Sharing many elements with the George Hamilton comedy Love at First Bite (1979), which was filmed around the same time as Nocturna, this movie opens in Transylvania, where Dracula (John Carradine) encounters difficulty adjusting to disco-era society. Things have gotten so bad that parts of his castle have been opened to the public as a resort called Hotel Transylvania, which, naturally, includes a disco. Yet instead of following the famous bloodsucker’s adventures, as happens in Love at First Bite, this movie tracks the count’s lissome granddaughter, Nocturna (Bonet).
While dancing in the disco with an American stud named Jimmy (Antony Hamilton), Nocturna discovers that she casts a reflection—quite a surprise for a vampire. Realizing that she becomes mortal on the dancefloor, Nocturna follows Jimmy to New York City, where she looks for a way to live as a human permanently. A peeved Dracula soon follows her, hoping to lure Nocturna back to the homeland.
Nocturna is filled with cringe-inducing one-liners and puns, to say nothing of stupid scatological references. As Dracula muses at one point: “If I’m alive, why am I here, but if I’m dead, why do I have to wee-wee?” (Elsewhere, Dracula proclaims, “All the ladies would say I was hung like a walrus!”) Bonet is a spectacularly bad actress, smiling lifelessly through every scene as if she’s a Price Is Right model presenting a washer-dryer set, and her line deliveries are so empty that they’re unintentionally hilarious. Describing an ecstatic moment, she says “It loved it—it was fantastic” with all the energy of a postal worker explaining how much it will cost to mail an envelope.

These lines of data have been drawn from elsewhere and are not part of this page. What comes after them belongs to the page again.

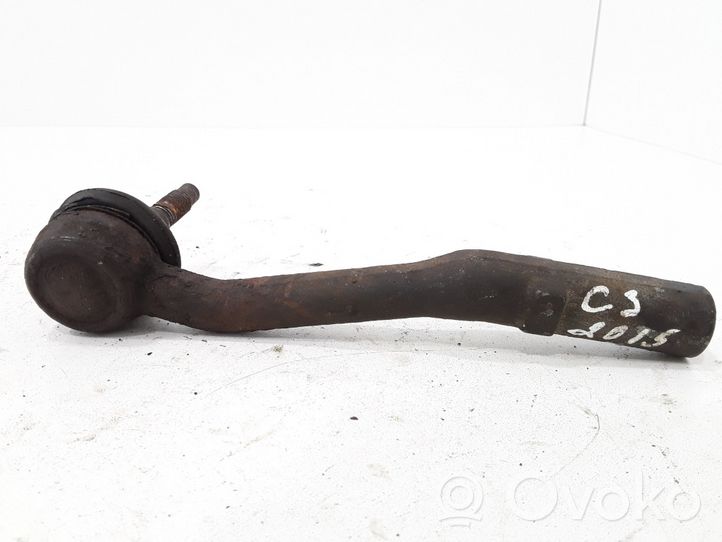 Citroen C3 Steering tie rod end 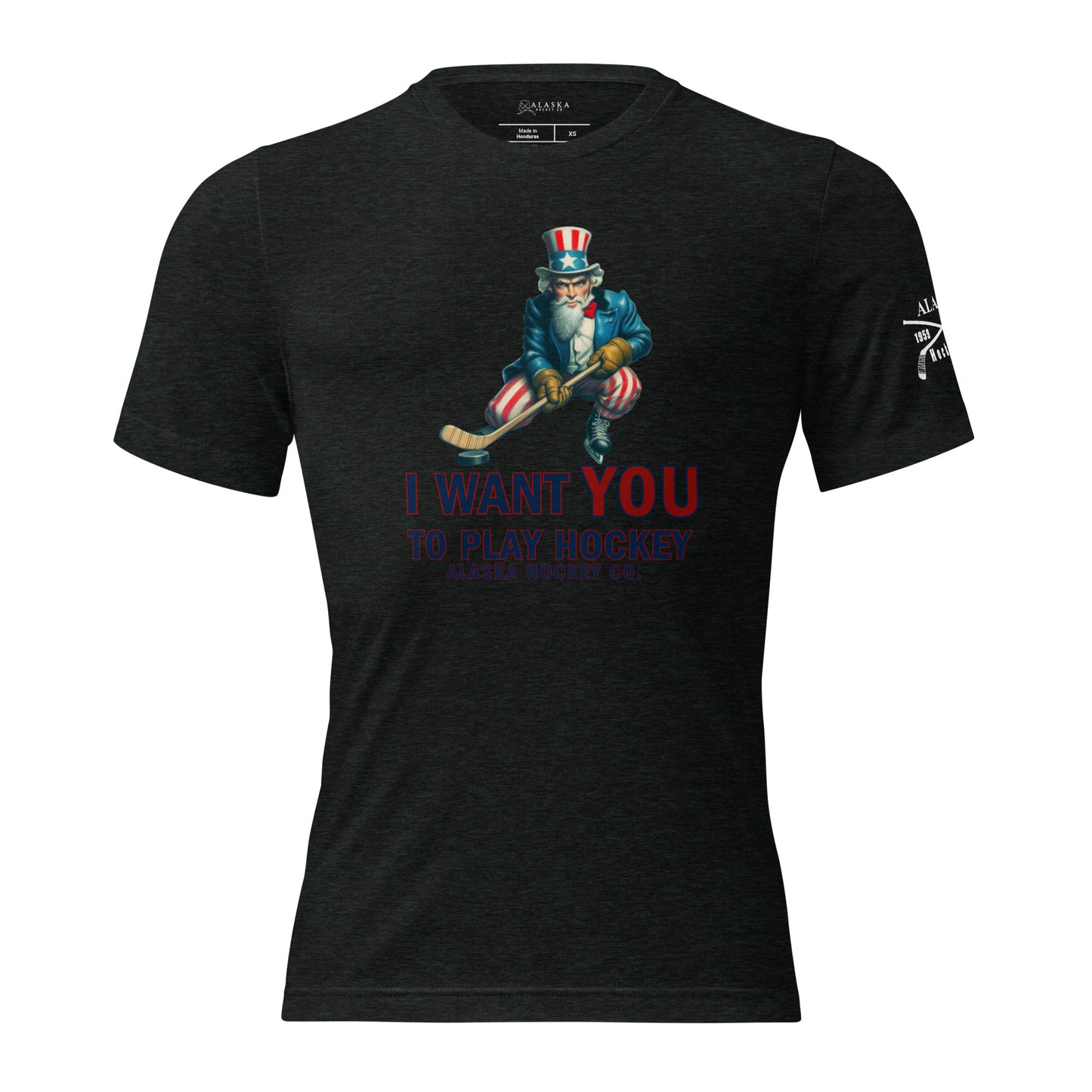 Uncle Sam T-Shirt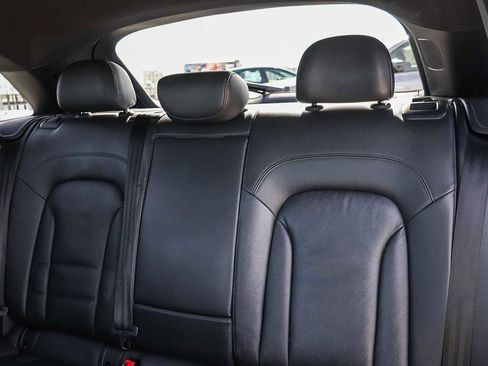 Used 2016 Audi Q3 2.0T Premium Plus w/ Technology Package image 26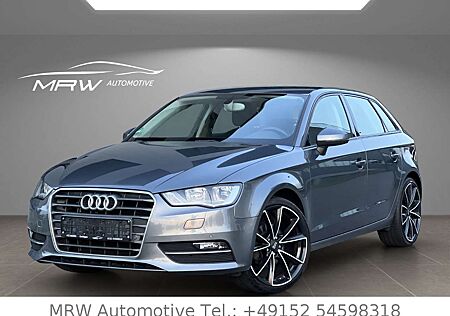 Audi A3 Sportback attraction ultra/Navi/PDC/Tüv/2.H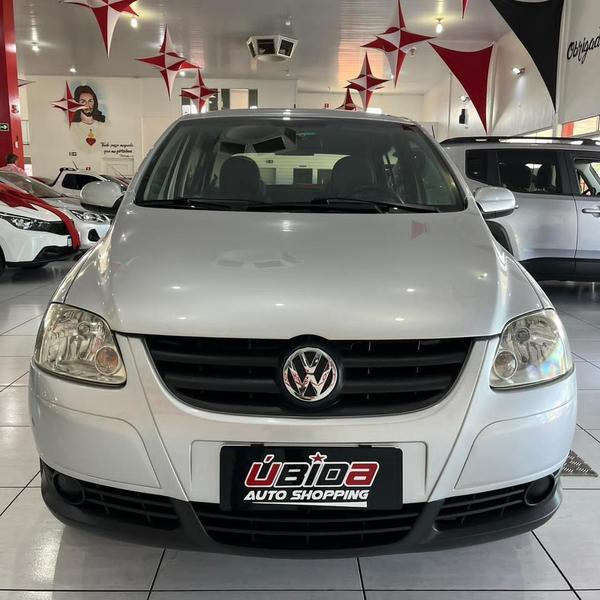 Volkswagen Fox 1.6 Plus - foto 5
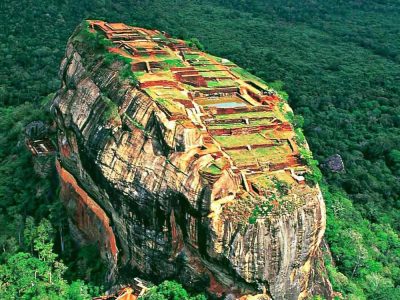 Sigiriya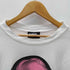 ジェレミースコット JEREMY SCOTT LIVE THE DREAM プリントTシャツ メンズ ONE SIZE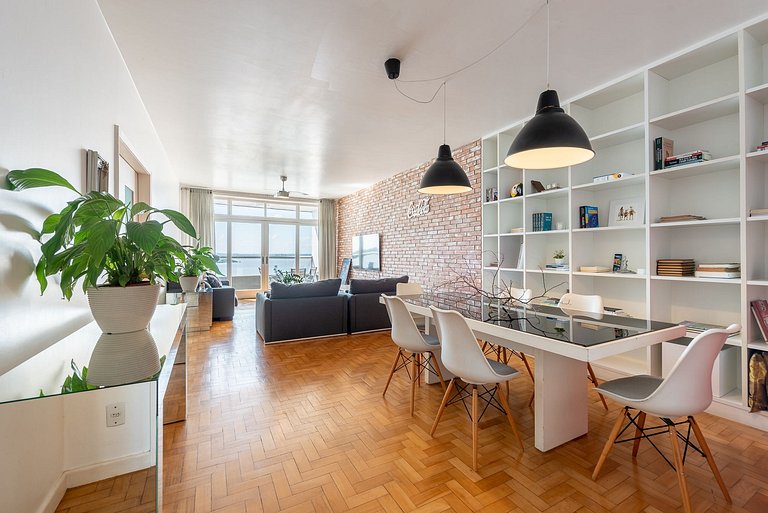 Apartamento Bossa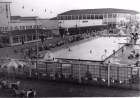 North Pool 1971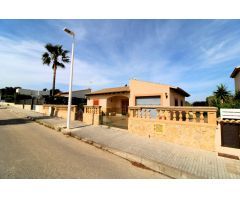 Estupendo Chalet en Son Serra de Marina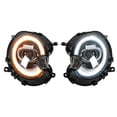 thumbnail image 1 of LED Projector Headlight, Turn  Headlamp Super Brightness  For Car, 1 of 8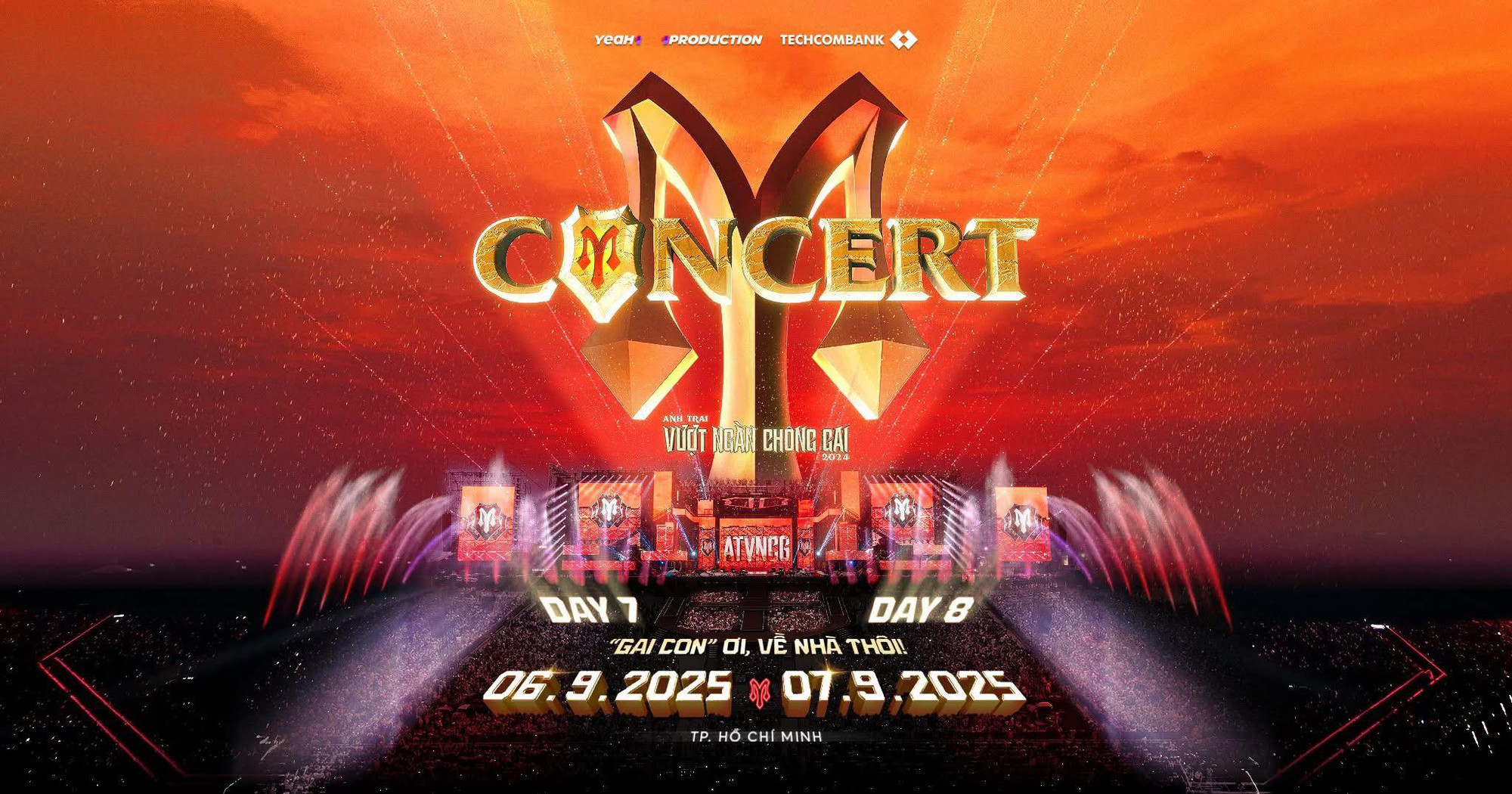 Người hâm mộ mệt mỏi, vé concert của thần tượng khó bán hết - Ảnh 1.
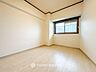 子供部屋：プライベートな自分時間を快適に過ごせるお部屋です。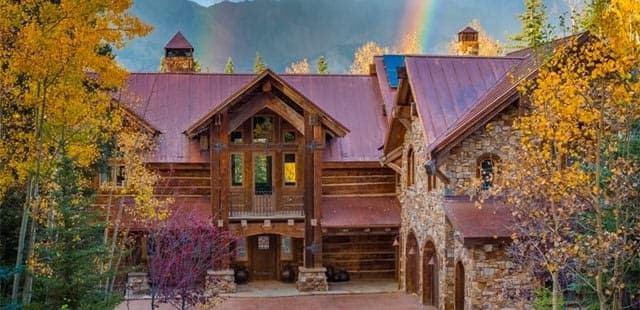 Joyful Telluride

Similarly, Bonet’s dancing is dull and unimaginative, which becomes a considerable problem whenever the movie stops cold to watch her twirl repetitively across a dancefloor. Even the aforementioned nude scene has a strange quality, because it seems powered by exhibitionism rather than exploitation. Clearly, Bonet wanted the world’s attention just as badly as the world wanted to ignore her. Still, she did this to herself, so adventurous viewers can hate-watch Nocturna free of guilt.
Plus, every so often, the germ of a real idea pokes through the smog of ineptitude. For instance, Nocturna hooks up with a gang of NYC vampires who bitch about modern problems, such as the trouble of finding victims whose blood isn’t tainted by processed food. This particular angle leads to a campy scene of a black vampire, dressed like a pimp, offering powdered blood—which prompts an affronted woman to say, “I’d rather suck than sniff any day.” Wow. To complete the effect, throw in a slumming Yvonne De Carlo, as Dracula’s old flame, a pulsing disco soundtrack featuring tunes by artists including Gloria Gaynor and Vickie Sue Robinson, and a supporting actor who does a solid Boris Karloff impersonation. Can a movie be amazing and atrocious at the same time? If the movie’s title is Nocturna: Granddaughter of Dracula, the answer is yes.